Are you velcro or Teflon when it comes to emotional eating
Yesterday I woke up tired and cranky. It took such an effort to crawl out of bed. My usual porridge looked so unappetising, that I left the house without eating breakfast. The trains were delayed and I got into town late adding to my bad mood. By 11 o’clock I was starving so I ate a yummy looking croissant to cheer myself up. There were queues everywhere and it really got under my skin. When someone queue-barged, I gave them a piece of my mind (not like me at all). My bad mood continued all day and by the time I got home I was exhausted and fed up. The first thing I did was reach for the wine and a packet of crisps.
There I was, fed up, cranky, tired, frustrated… and I turned to food. Does this make me an emotional eater (and drinker)?
Everyone (and I mean everyone) has bad days, but how frequently we have them and how intense they are is individual. It is very easy for us to think negatively (sticking to us like velcro) and harder for us to turn these negative emotions to positive one (repelling them like teflon). Emotions are expressed physically – when we are anxious our heart rate increases, when we are angry our face gets hot.. This is unconscious and not in our control. If we don’t resolve our feelings, these physical reactions continue, and in the long term can affect our health. And the same happens with our mind. If we prevent ourselves from ‘feeling’, it puts us under stress, which again affects our health.
How we cope with low mood also differs between us. Are you one of those who relieves stress with a run, or finds that snuggling under the duvet for an hour can change how you feel about things? Many of us turn to food as our coping strategy. But when does reaching for the occasional sticky bun when we need comfort, turn into a problem that can affect our health and wellbeing?

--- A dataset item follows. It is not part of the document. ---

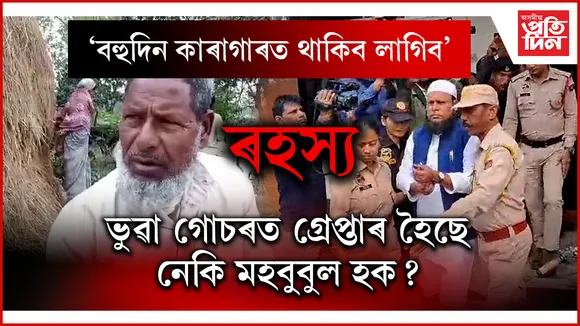 গোচৰীয়াই অস্বীকাৰ কৰিলে গোচৰ দিয়াৰ কথাঃ মহবুবুল হকৰ গ্ৰেপ্তাৰত সন্দেহত ঢেকীয়াজুলি আৰক্ষীৰ...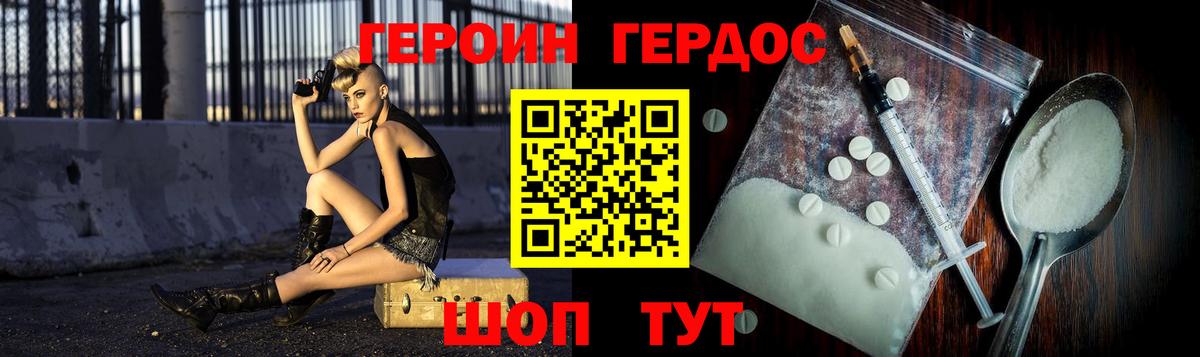 A-PVP Курчатов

If you listen to the self-help gurus, the answer is to change your negative thoughts to positive ones. But telling yourself that you are going to have a good day, when you know it’s going to be hell on earth, doesn’t make the stress go away. This is when we often turn to food to comfort us and to help us cope. But when does the odd foray into a bag of donuts become emotional eating? Eating is a very effective coping strategy for coping with emotions. It’s always accessible, it’s delicious and enjoyable and in the moment it works. It becomes a problem when it is the main/only strategy that you have.